Once you reach a certain size as a company, you will typically have a fairly varied software portfolio. Some systems would be legacy systems, others more recent ones. Some systems form the bedrock of your business, other systems mostly support back office work.
As we make changes in these systems, we increase their Software Entropy. As stated in the seminal paper, even against the best efforts of the most architecturally conscious organisations, most systems tend to end up as a Big Ball of Mud. A lot of software strategy is essentially about managing this entropy.
I daresay, software strategy comes a little bit later in the organisation’s life cycle, as initially it needs to succeed as a viable business. This makes total sense.
So let’s assume we are a successful business and own a set of systems which power this business. We are ready to form a strategy to deal with the entropy of these systems. Most typically we start with a system that is of most importance to the business. We choose an approach to deal with the entropy of this system and it seems to work.
Often, having seen some success with the approach, we declare victory and rollout the same approach across all our systems. These attempts often end up in failure and at huge costs. I personally am guilty of going down this route.
Turns out, this is so common that there is a law about this. It’s called Ashby’s Law also known as The Law of Requisite Variety.
Or put in a more approachable way
“In order to deal properly with the diversity of problems the world throws at you, you need to have a repertoire of responses which are (at least) as nuanced as the problems you face.”
Essentially, we need a variety of strategies to manage different systems in our software portfolio. Depending on the various attributes of each system, we can then apply a strategy to manage their respective entropy.

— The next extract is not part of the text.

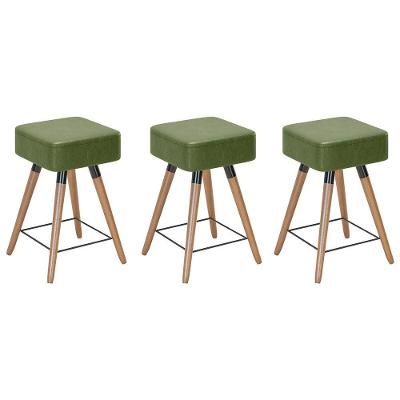 Kit 03 Banquetas Baixas 50x32cm Com Pés Palito Corano Verde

Let’s look at some common strategies that one can apply to each system in your software portfolio.
Do nothing
This is a valid strategy when the domain that you are trying to explore is new to you. This applies to new systems being built in new domains that your business is navigating. It’s suited for exploration.
This is also a commonly adopted strategy by people when the software has not been tended to for a long time.Then it becomes more of a by-product of inertia.
Refactoring
Once you have an understanding of the domain, before the system gets out of your hand, you need to make sure that the software now represents the domain and the problem you are solving. This activity needs to be done continuously and with discipline.
In practice, I have seen refactoring often fail. This happens because of a variety of reasons. If you let your system grow too much, if the person or the people doing the refactoring are not using the right abstractions, if the abstractions are not communicated well in the team, if the tools you have to protect your refactoring from getting smudged all of this plays a part into this.
Rewrites
Rewrites, while being extremely desired by engineers, are an extremely risky choice. As Joel Spolsky wrote in his essay, engineers love this because it’s harder to read code than it is to write it.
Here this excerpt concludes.